Probability of sampling at least one member of each class

135 Views Asked by At

Suppose we have $N$ samples partitioned into $C$ classes with $N_1, ..., N_C$ the number of samples in each class. Randomly we pick up $n$ samples. What is the probability to have every class in this selection (at least one sample from each class)

For this problem, I came up with the solution presented here (https://math.stackexchange.com/users/72858/ethan-bolker)

The total number of samples of size $n$ picked up among $N$ is $\binom{N}{n}$ Then you have $N_1$ ways to choose one sample from the first class, $N_2$ from the second, ... $N_C$ from the last one. And finally $\binom{N-C}{n-c}$ ways to pick up indifferently the remaining samples.

$$\frac{N_1 N_2...N_C\binom{N-C}{n-c}}{\binom{N}{n}}$$

However with $N=10 000$, $N_1=N_2=...=N_C=1000$ and $n=100$, I get very high probabilities around $10^9$

So I thought I did a mistake and went with the complementary event "What is the probability of having at least one class that is NOT represented ?" Here we will take balanced classes $N_1=N_2=...=N_C$

There are $C$ ways to choose the class that is not represented then you have $\binom{N-N_1}{n}$ ways to pick up the $n$ samples among the $C-1$ classes that are represented (population of size $N-N_1$)

So the answer of the first problem would the be $$1- \frac{C\binom{N-N_1}{n}}{\binom{N}{n}}$$

However, once again with $N=10 000$, $N_1=N_2=...=N_C=1000$ and $n=10$ I will obtain negative or above 1 probabilities.

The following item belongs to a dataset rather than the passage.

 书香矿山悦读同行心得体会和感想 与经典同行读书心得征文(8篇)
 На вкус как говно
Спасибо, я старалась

Could someone please tell me why these formulas are false

1

There are 1 best solutions below

2
On BEST ANSWER

Consider for example $6$ samples, $2$ of which are blue (B1 and B2), $2$ of which are green (G1 and G2), and $2$ red (R1 and R2). Then we want to pick at least one sample from each color with $n=4$

With your initial formula, the choice $\{\text{B1,B2,G1,R1}\}$ gets counted twice! Indeed, we could first pick $\{\text{B1,G1,R1}\}$, one from each color, and then pick $\{\text{B2}\}$ from the remaining samples, or we could first pick $\{\text{B2,G1,R1}\}$, and then pick $\{\text{B1}\}$ from the remaining samples.

The bigger $n$ gets, the more incorrect double counting you do, so that you incorrectly get probabilities that exceed $1$.

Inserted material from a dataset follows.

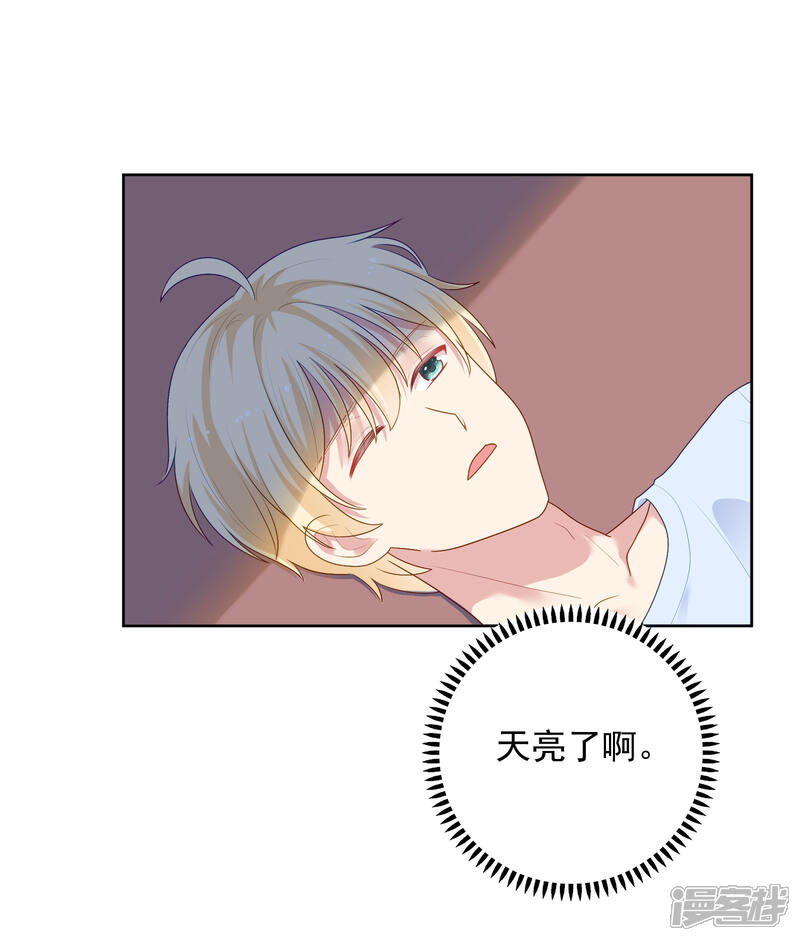 《明星教成男朋友》第91话 迎接新的一天 第12页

Your second approach is also wrong due to double counting: Let's add two samples of color yellow (Y1 and Y2) to the above example. One way to not pick at least one sample from each color is the choice $\{B1, B2, G1, G2\}$. But you count this twice! Indeed, on could first pick to ignore the red color and then choose $\{B1, B2, G1, G2\}$, or one could first pick to ignore the yellow color and then choose $\{B1, B2, G1, G2\}$. Because you subtract incorrectly doubly-counted cases, you can incorrectly end up with negative probabilities.